The network configuration consisted of 2x 3Com SuperStack 5500 switches configured as a stack. I havn’t had a lot of 3com exposure but they seem to do the job and being stackable allows for redundant switches and the ability to configure link aggregation between the two switches and the ESX hosts. I normally work with ProCurve and this configuration is not possible so it was good to try something new.
So anyway I pulled the power on one of the switches and after a few lost pings and a bit of VM unresponsiveness while ESX did it’s NMP magic everything returned to normal. So it was yet another tick in the box for that test J
The “Gothca” came when we plugged the switch back in. As the previously powered off switch began to boot everything started going pear shaped. VM’s began shutting down and the hosts reported HA errors.
What had happened is that as the second switch boots and joins the stack the other switches go offline and re-organise themselves and there unit ID. This resulted in each host not being able to ping either the gateway or the secondary isolation address and beginning the default “power off VM’s when isolated” routine.

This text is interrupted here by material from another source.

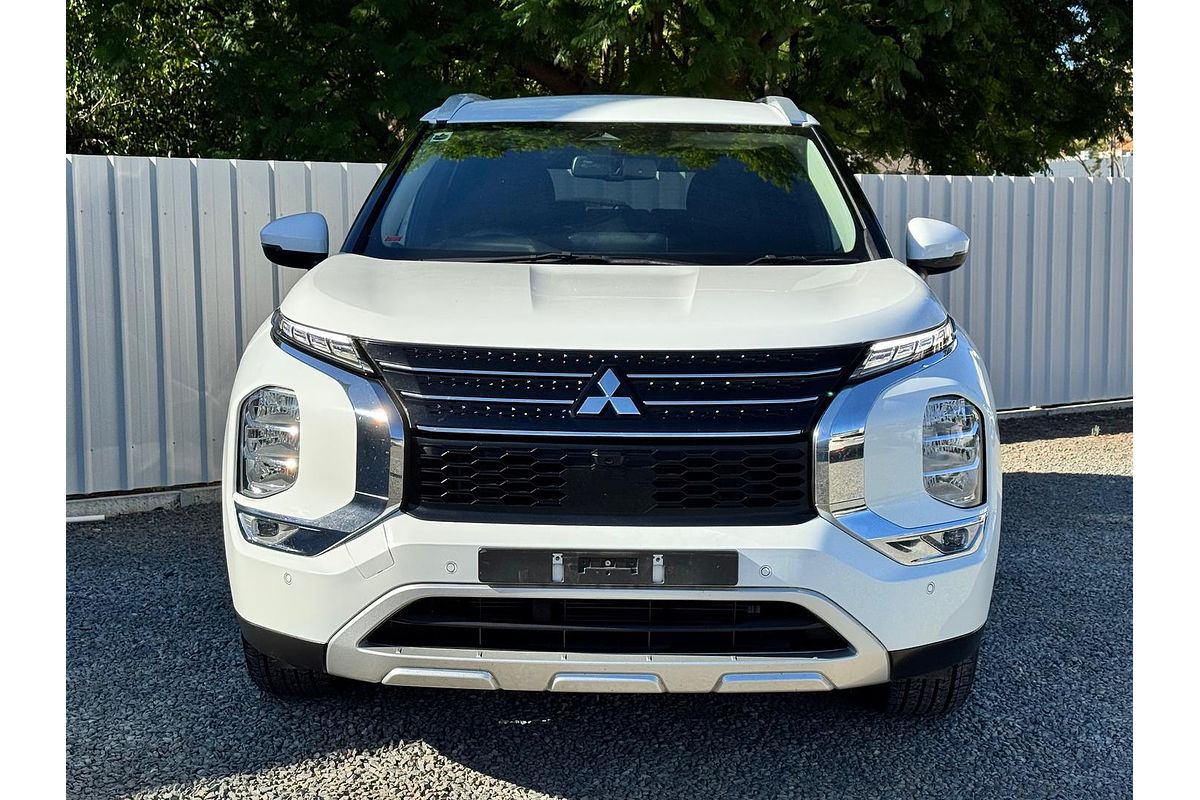 2022 Mitsubishi Outlander LS ZM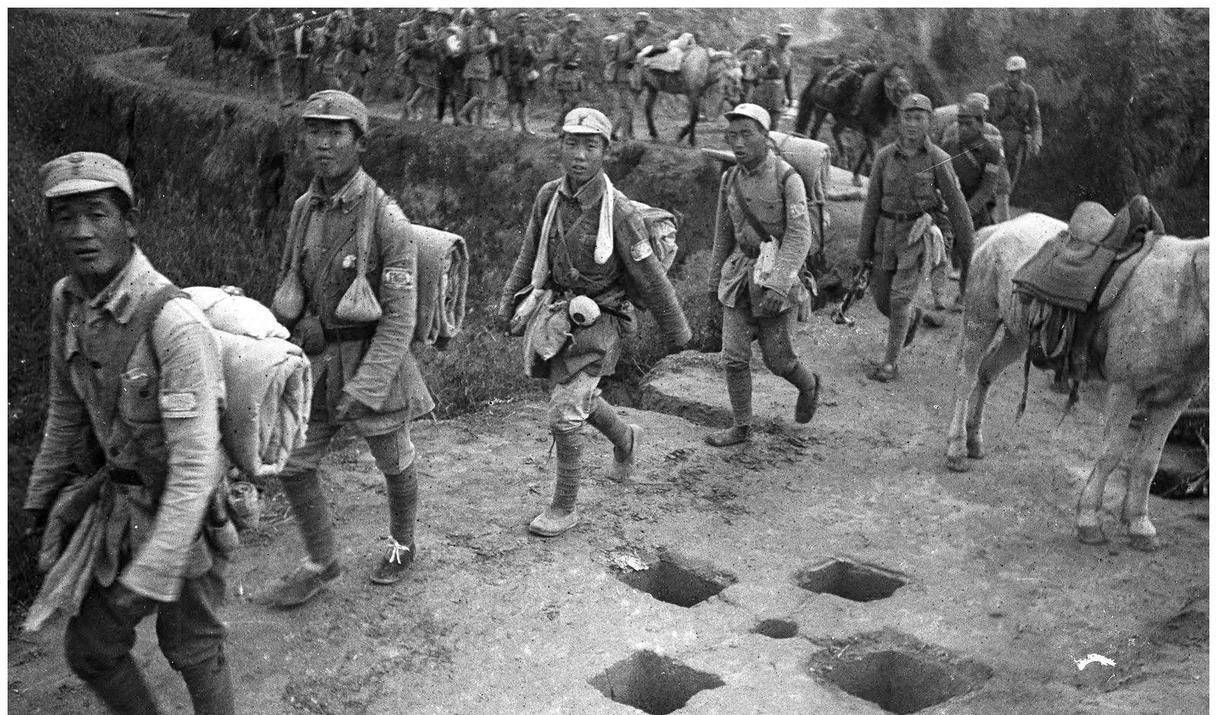 1938年,吴瑞林被叛军包围,关键时刻有人塞纸条:别反抗,我救你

There are two options to overcome this issue of VM’s shutting down when this happens –
- Increase the das.failuredetectioninterval advanced setting to something longer than the time it take the switches to sort themselves out (60 seconds out to do it). This fixes the issue but will cause a longer outage if anything really does happen.
- Change the default action for isolation to “Leave Virtual Machines Powered On” this fixes the virtual machines dying however the server will need to be “Re-enabled for HA”
Of course this fixes the issue of virtual machines powering down but not the problem of losing complete connectivity to the VM’s for more than 15 seconds. So it was decided with the client that the most appropriate action would be to arrange an maintenance outage before adding a failed or new switch to the stack.